- Label from South African single

Single by Bee Gees

from the album Odessa
- B-side: "Melody Fair"
- Released: July 1969 (South Africa)
- Recorded: 15 August, November 1968
- Genre: Country rock, roots rock
- Label: Polydor Atco (Atco Records)
- Songwriter: Barry, Robin & Maurice Gibb
- Producers: Robert Stigwood, Bee Gees

= Marley Purt Drive =

"Marley Purt Drive" is a song recorded by the Bee Gees, It was written by Barry, Robin & Maurice Gibb and released in March 1969 on the album Odessa. It was released in stereo in the United States in January and its mono version was released in the United Kingdom in March. The remastered version of this song was released on 27 February 2009 on Reprise Records.

Originally titled "Marley Purt Drive (Area Code 213)", the song is about a married man in poverty with fifteen children who takes a drive out to Pasadena one Sunday to get some relief from the situation only to return and find he now has twenty more children to look after, thus creating "An orphanage [with] 35 kids.

==Recording and structure==
For the recording of the song, the basic instrumental line-up of Barry and Maurice Gibb, Vince Melouney and Colin Petersen were joined by bluegrass musician Bill Keith on banjo. This song was recorded in New York City at Atlantic Studios. Two recordings are available, the earlier of these was recorded on August 15 and later appeared on Sketches for Odessa in 2006. The version released on the album was finished at IBC Studios in London in November with the orchestra. Barry later explained the recording of "Marley Purt Drive" in a 24 March 2001 interview with Billboard, "['Marley Purt Drive'] had a country violinist and banjo player on it because we were listening to American country music at that time".

It was released as a single in South Africa in July 1969, backed with "Melody Fair". The song's demo is entitled Alternate Mix on Sketches for Odessa and begins with a false start followed by one count but then goes into an almost identical intro. The mix is not really different, and lyrics are the same.

==Release==
This song, owing something to The Band's 1968 hit "The Weight", later appeared on the charity compilation album called No One's Gonna Change Our World released on December 12, 1969.

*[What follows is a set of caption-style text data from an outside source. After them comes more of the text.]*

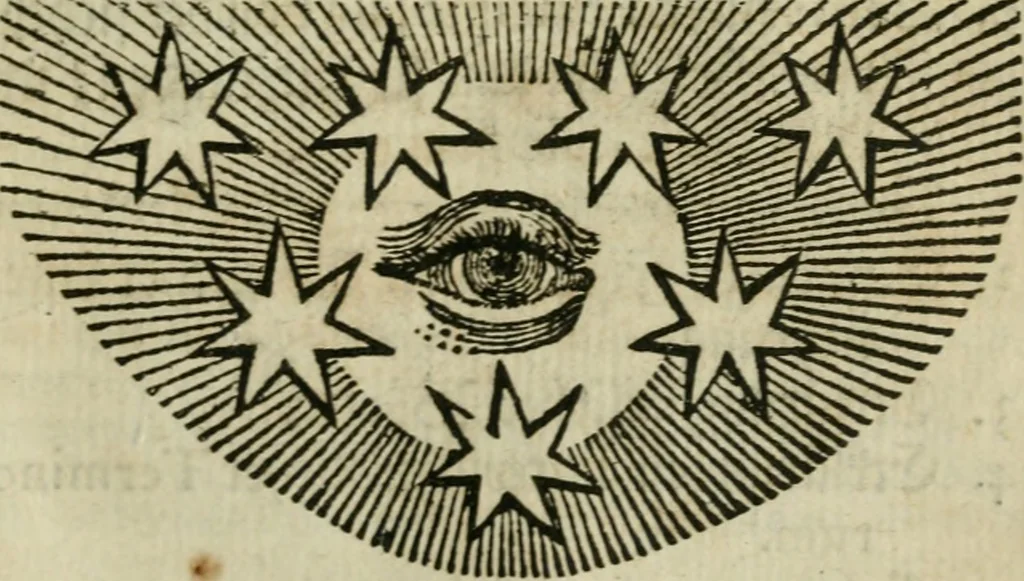 An illustration from Des gottseeligen hocherleuchteten Jacob Böhmens teutonici Philosophi Alle theosophische Wercken : darinnen alle tieffe Geheimnüsse Gottes der ewigen und zeitlichen Natur und Creatur : samt dem wahren Grunde christlicher Religion und der Gottseeligkeit, nach dem apostolischen Gezeugnüss offenbahrer werden : theils aus des Authoris eigenen Originalen, theils aus den ersten und nachgesehenen besten Copyen auffs fleissigste corrigiret : und in Beyfügung etlicher Clavium so vorhin noch nie gedruckt, nebenst einem zweyfachen Register : den Liebhabern göttlicher und natürlicher Weissheit zum besten an Tag gegeben, 1682, leaf 1076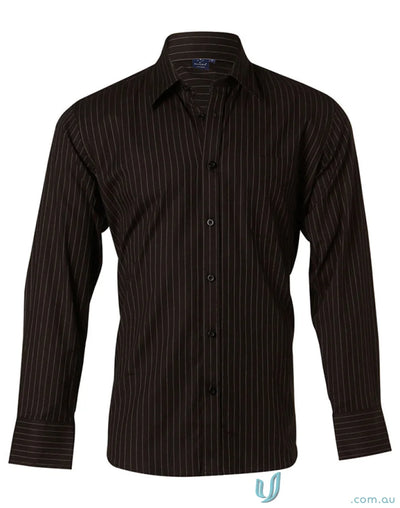 Brown striped Winning Spirit Pin Stripe Shirt for mens workwear, bs17 pin stripe style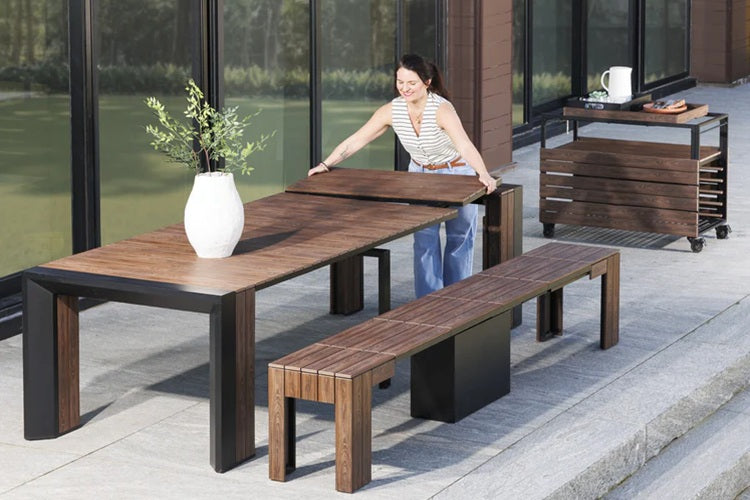 Transformer Table Outdoor Furniture Dark Walnut Transformer Outdoor Dining Set - The Practical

On 6 November 1974, they performed the song in Sapporo, Japan during their Mr. Natural tour. In 2009, Barry Gibb performed the song for the rehearsal for the Love and Hope Ball.

==Personnel==
- Barry Gibb – lead vocals, guitar
- Vince Melouney – guitar
- Maurice Gibb – bass guitar, backing vocals
- Bill Keith – banjo
- Colin Petersen – drums
- Robin Gibb – backing vocals

==Cover versions==
- Puerto Rican singer José Feliciano recorded perhaps the best known cover of "Marley Purt Drive". His version was released as a single in the US and Germany on July 19, 1969 on RCA Records. and around the world. The single charted in many countries including the US, Canada, Australia, Brazil and Malaysia where it was a top ten hit
- Bonnie St. Claire released this song as a single in 1969 on Philips Records. The B-side was "Let Me Come Back Home, Mama", a non-Gibb song. Their version was included on The Best Of Bonnie St. Claire (1970).
- Victor Scott covered this song under the title "Fifteen Kids" backed with "Love is All I Have" on Decca Records in 1970. This record was only released in Germany.
- David Frizzell brought out a version on the B-side of "Little Toy Trains" in 1969 on Columbia Records.
- Equipe 84 covered this song under the title "Pomeriggio Ore 6" with unrelated lyrics, but only released in Italy on Dischi Ricordi.
- Lulu released a cover as the first track on her 1970 album New Routes. Her version features guitar work by Duane Allman. She was married to Maurice Gibb at the time.
- Jean Bouchéty's version appeared on his 1971 album The Rhythms Sounds And Melodies Of Jean Bouchéty (1971).

- Nash Chase's version was released on his self-titled album in 1970.

- July Paul covered this song in 2021 on Goshawk 66 Records. His version was released as a single in 2021, on the album Best Summer Of My Life in 2013 and also on the album Summer Feeling in 2016.